Nos jours heureux

Cantique de la marmaille.

Il ne faut pas, évidemment, se laisser entraîner par ses propres souvenirs d’enfance et songer toujours de retrouver quelques anecdotes et épisodes vécus et transposés de façon très honorable par le duo qu’un homme d’esprit a baptisé  Les Nakadano, c’est-à-dire Olivier Nakache et Éric Toledano, désormais importants pourvoyeurs de succès dans le cinéma français. Je précise d’emblée que je n’ai rien contre ces deux cinéastes, pour la bonne et simple raison que je n’avais vu d’eux jusqu’alors que le plus récent Le sens de la fête, qui m’avait bien plu par son originalité dans le magma informe des films prétendument comiques.

Comment ! Vous n’avez pas vu Intouchables, ce petit bijou de délicatesse et d’humanité ?, allez-vous m’assener, l’œil vengeur et le sarcasme à la bouche. Ben non, je n’ai pas vu Intouchables, un peu parce que je craignais (sans doute à tort) que le sujet fût traité de façon mièvre, sûrement beaucoup parce que ça ne s’est pas fait un jour où le film passait à la télévision. Mais si Dieu me prête encore une douzaine d’années de vie, je suppose qu’il y aura bien un soir où je ne trouverai rien d’autre à regarder. On m’a dit aussi beaucoup de bien, à un assez haut niveau du dernier opus de Nakadano, le film Hors normes, paraît-il intelligente exploration de l’univers stupéfiant de l’autisme.

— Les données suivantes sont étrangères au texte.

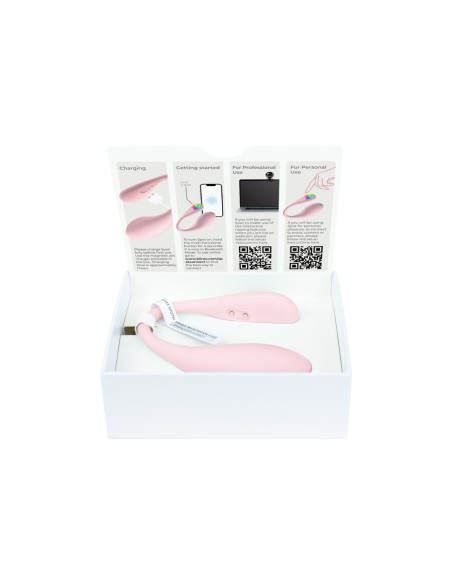 KIIROO SPOT KISS ME VIBRADOR FORMA U ROSA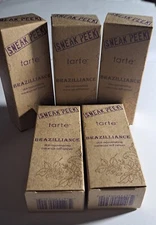 5 Tarte Brazilliance Skin Rejuvenating Maracuja Self Tanner .5 oz EACH NEW (Z4)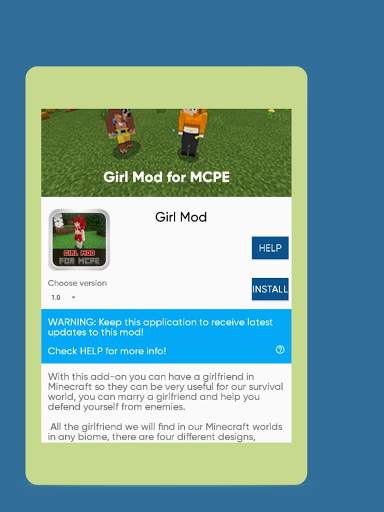 Girl MOD for MCPE screenshot 12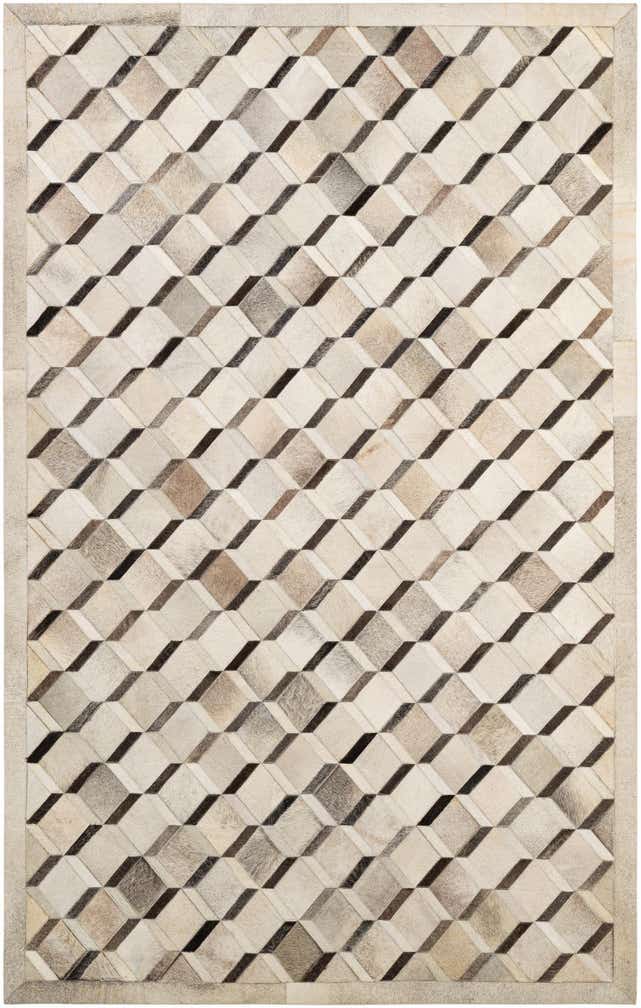 5' x 8' Cowhide - Patchwork Rug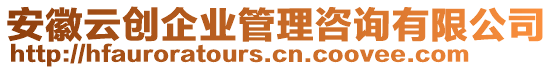 安徽云創(chuàng)企業(yè)管理咨詢有限公司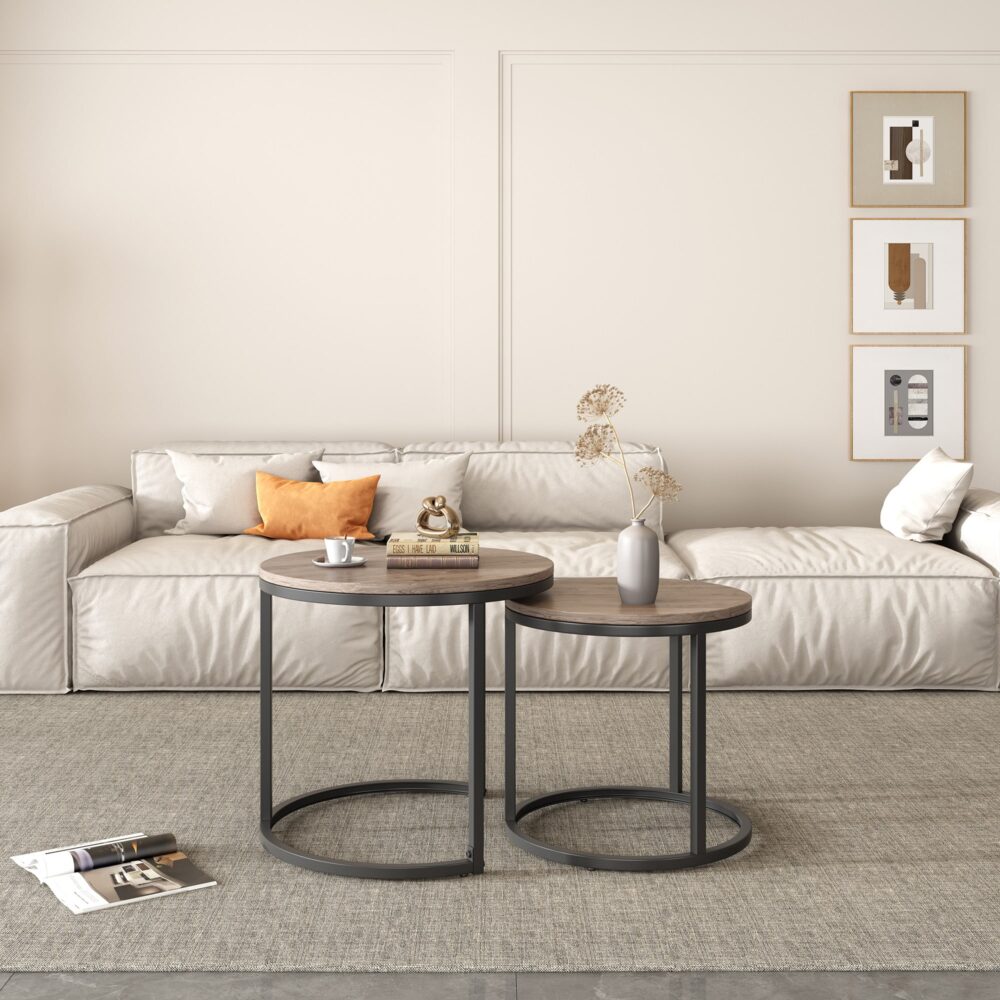 Nesting Coffee Table 2-piece - TRENDZ
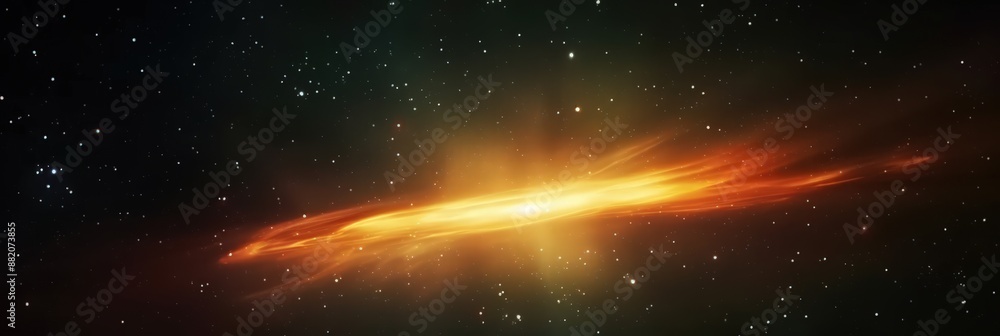 Fototapeta premium Cosmic Nebula: A Glowing Trail of Creation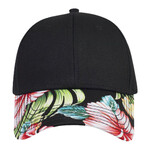 OTTO Hawaiian Pattern Visor Superior Cotton Twill Six Panel Low Profile Baseball Cap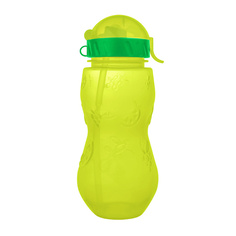 Бутылка WOWBOTTLES Бутылочка для напитков с трубочкой "Сочные фрукты" 400 мл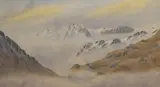 Winter Mist and The Langdales by Colin Whittle, Watercolour, offered Apr 2026
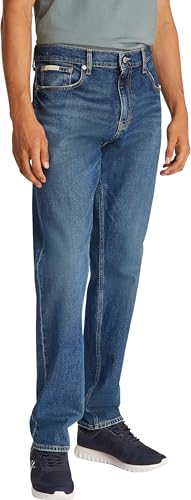 Calvin Klein Slim Straight J30j327166 pantalon jean ajusté noir bleu homme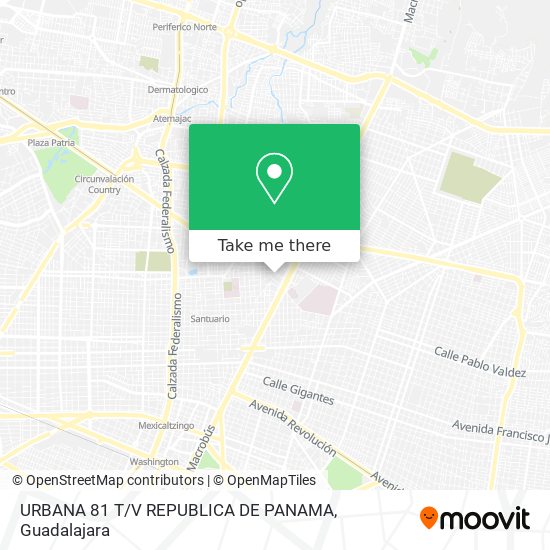 URBANA 81 T / V REPUBLICA DE PANAMA map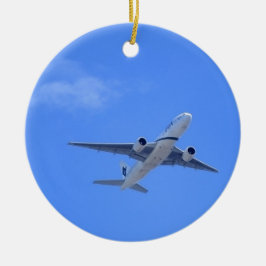 Kommerzieller Airliner Keramikornament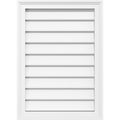 PVC Gable Vent with Brickmold L647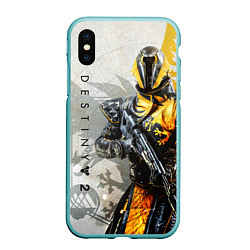 Чехол iPhone XS Max матовый DESTINY, WARLOCK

Revenons à nos moutons ou plutôt à nos marmailles. J’écris le nom au pluriel parce que, vu de mon Sirius personnel, les jeunes colons ne me paraissent pas beaucoup plus infantiles que les animateurs qui les encadrent ou plutôt sont censés les encadrer. Il est fort possible que ce soit la norme habituelle et que dans tous les groupes ainsi rassemblés au gré de multiples hasards il y ait ce mélange de caractères hétéroclites, de querelles d’egos, de flemingites aiguës, d’irresponsabilités effarantes et de tentatives désespérées de faire respecter un semblant d’ordre.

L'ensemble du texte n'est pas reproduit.